[REQUIREMENT]
Only the lines below from the one with "vidaXL Bettgestell Braun" through the one with "Miniature Panhard Dyna" are to be written out, exactly and without any images.

[SUPPLIED DATA]
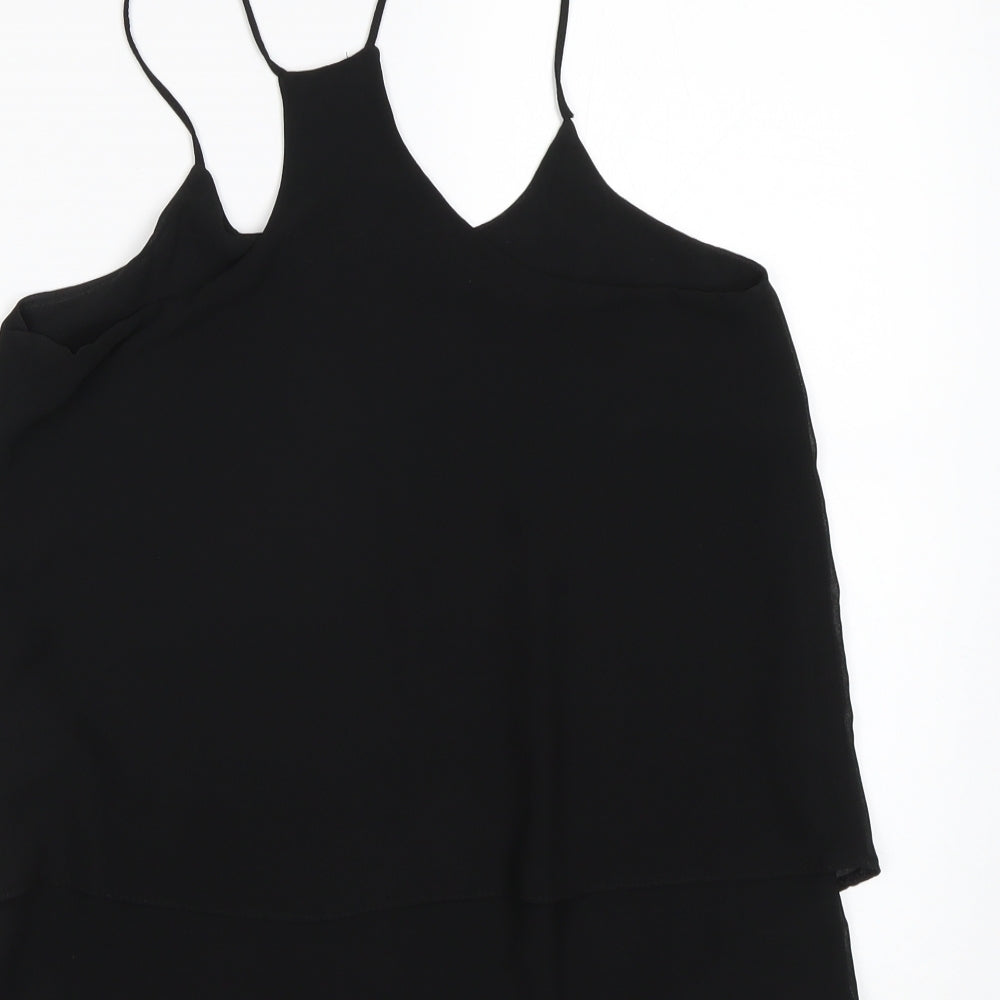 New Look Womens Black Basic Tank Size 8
--
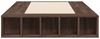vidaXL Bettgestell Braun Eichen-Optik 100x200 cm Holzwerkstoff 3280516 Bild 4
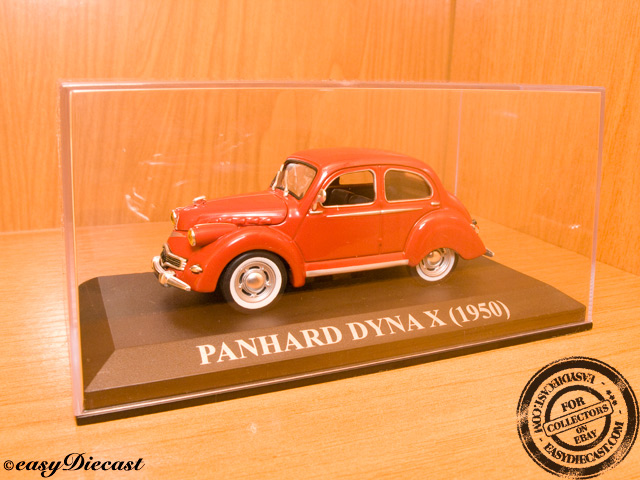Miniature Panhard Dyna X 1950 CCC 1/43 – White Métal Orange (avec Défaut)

[REPLY]
vidaXL Bettgestell Braun Eichen-Optik 100x200 cm Holzwerkstoff 3280516 Bild 4
Miniature Panhard Dyna X 1950 CCC 1/43 – White Métal Orange (avec Défaut)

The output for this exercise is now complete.